Even though most of them had the same incomes, with the same bills. But with the news saturation on the financial sector problem on wall street, people got much more careful with their money.
Posted by: Lee | 12/13/2008 at 07:21 PM
But back to Tom's original question, I think the simple act of Obama being inagurated may have an effect. A change from the old, and a change for the new. For 52% of Americans, a belief in a change for the better.
A "tingle up the leg" press wanting Obama to succeed could change the way economic figures are presented in the media, altering the perception. Half empty becomes half full.
So there may be a bounce. If perception affects attitude enough, it is possible that by simply taking the oath, Obama's inaguration will give a bounce to the economy.
Of course, it may only be the bounce of a sugar buzz that quickly dissipates.
Posted by: Lee | 12/13/2008 at 07:31 PM
I don't think it's necessarily peculiar to Obama, by the way. I think any incoming President would have largely the same effect. I think it's far more than those who voted for Obama (52%) who are ready for something new. There's a reason new Presidents come in on a wave of popularity well beyond their vote. It's because we're by nature optimistic, and "new" generally implies "better." In a situation where times are as bad as they are now, the "new = better" quotient goes up even more, because new also equals hopeful.

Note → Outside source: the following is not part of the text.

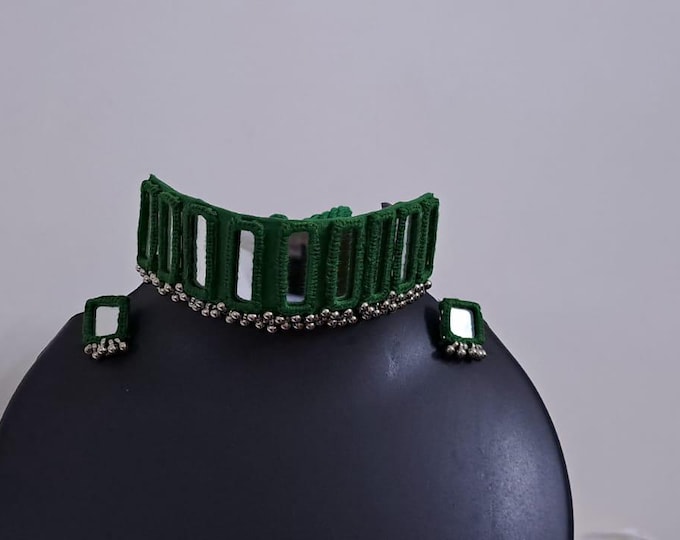 Kutchwork glasswork necklace set with matching earrings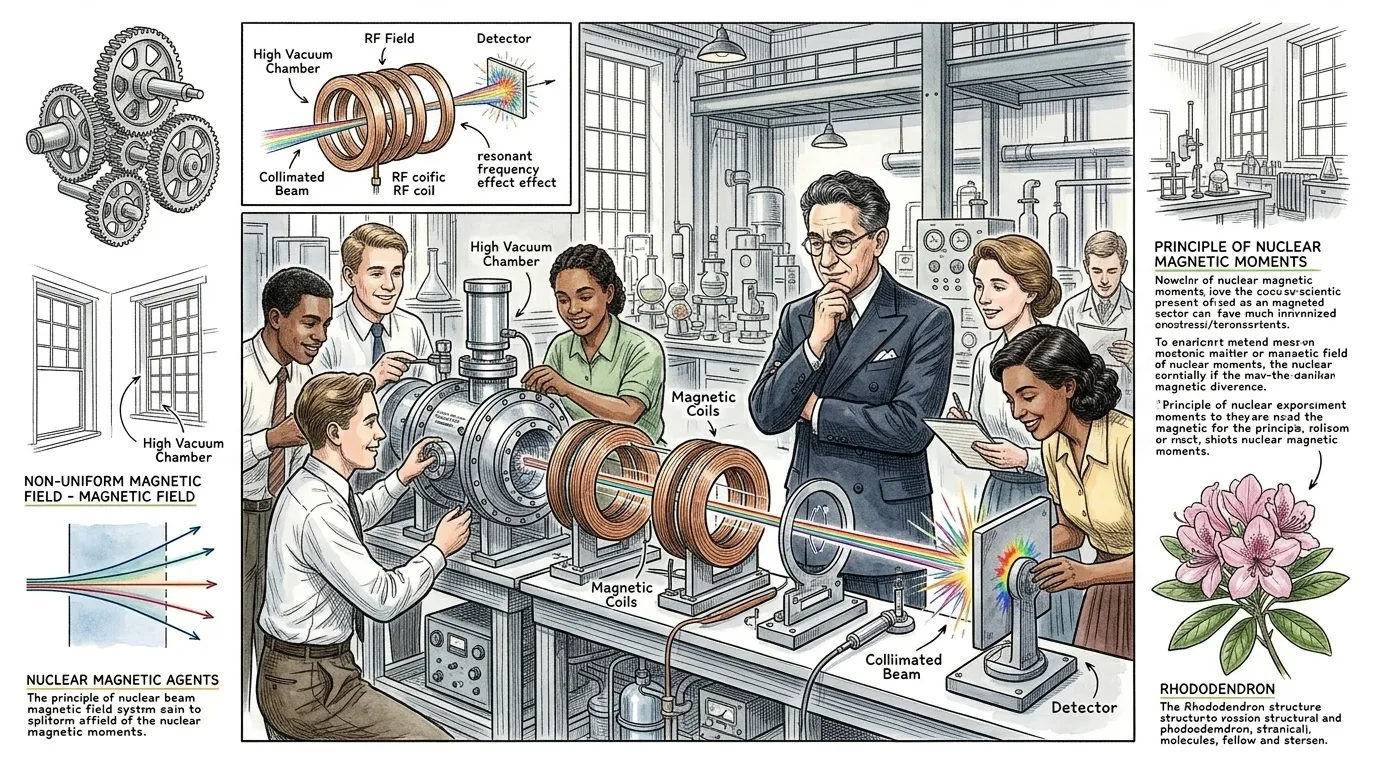 拉比和他的团队,包括他才华横溢的学生们,在哥伦比亚大学一丝不苟地搭建了这套设备。他们的分子束机器是工程学上的一个奇迹,它结合了高真空技术、精确控制的… 拉比和他的团队,包括他才华横溢的学生们,在哥伦比亚大学一丝不苟地搭建了这套设备。他们的分子束机器是工程学上的一个奇迹,它结合了高真空技术、精确控制的…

Again, this is not unique to Obama.
I'm just wondering what the quotient is going to be, given how dour we all are. I think it might be high, especially coupled with the arrival of spring and pitchers and catcher reporting.
Posted by: Tom | 12/13/2008 at 10:36 PM
I find it hard to argue with the first paragraph of your response. You're right that it is much more than that 52%. Dour is a good word, and the emotional uptick from that dourness come Jan 20th may lead to one helluva honeymoon for Obama.
And it would merely be sour grapes to begrudge that, because right now, yeah, the country kinda needs a honeymoon. How long it would last... that's what I'm curious about.